Using OpenRefine, the authors exported the file as an Excel spreadsheet and imported it into Access as a new table. Since each record has a unique ID, they used Access’s “join table” function to combine the new table with the existing one, shown in figure 21. The authors then deleted the columns containing the original advisor and committee member names, concluding the name cleanup process.

Additional Standardization Tasks

The authors filtered for all records in which the value in the Abstract field began with “Abstract” (see figure 22) and manually deleted this word. Access’s “sort” function was used to sort the department and discipline names and confirmed the accuracy of these names with respective colleges and departments.

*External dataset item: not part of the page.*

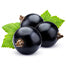 Blackcurrant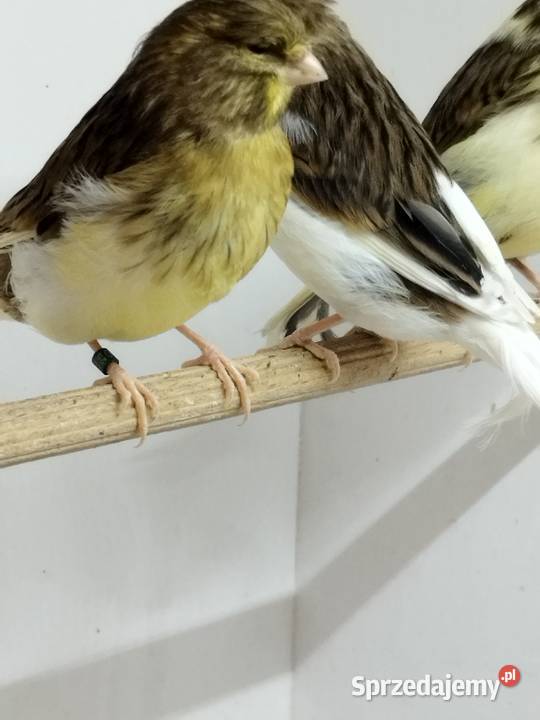 Kanarki Gloster Gostyń sprzedam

In compliance with the new TDL guidelines, version 2, the authors deleted the original dcdateissued column that contained the dates in YYYY-MM-DD format. Using Access, they renamed and reformatted values in two other date columns: dcdateissued (YYYY-MM) and dcdatecreated (Month Year) (see figure 23).

When these tasks were complete, the authors exported the updated Access file to Excel, imported the file into OpenOffice (to retain special character encoding), and saved it as a CSV file. Finally, the CSV file was ingested into DSpace.

Discussion

Throughout the year-long project, the authors encountered situations that required them to make local decisions about editing specific metadata fields. They investigated how to integrate external tools to reduce future errors in metadata creation and maintenance. In the following section, they outline lessons learned, the project’s limitations, and the project’s next steps.

Lessons Learned

While undertaking the ETD upgrade project, the authors determined which required and optional metadata fields from the TDL guidelines, version 2, to implement.36 They elected to omit optional fields, such as dc.embargo dc.format.extent and dc.subject.lcsh.37 Because of the complexities surrounding the optional dc.rights field, the authors elected to upgrade this field at a later date.38 They also placed emphasis on retaining fields that added value to staff or users. For example, dc.date.accessioned, which can be used by staff to determine whether records had been remediated in a previous batch, was retained. Dc.date.accessioned records the date the DSpace repository first receives the thesis; this value does not change after remediating and reloading the metadata.

The team also made decisions about the level of quality for metadata records. Adhering to Voltaire’s maxim that “the best is the enemy of the good,” they passed on opportunities to make perfect records to complete the project.39 For example, some students submitted ETDs with values in all capital letters. These records were not changed because this formatting does not affect searching and standardizing case is not a priority.

During the re-ingest process, the authors discovered that DSpace required them to retain the same number of elements and element labels originally exported; otherwise DSpace would not recognize the edits.40 They were limited to ingesting one hundred records at a time due to TDL’s system configuration. The authors discovered that including the dc.description.abstract field in the re-ingest process caused errors, and manually edited this field after re-ingesting content.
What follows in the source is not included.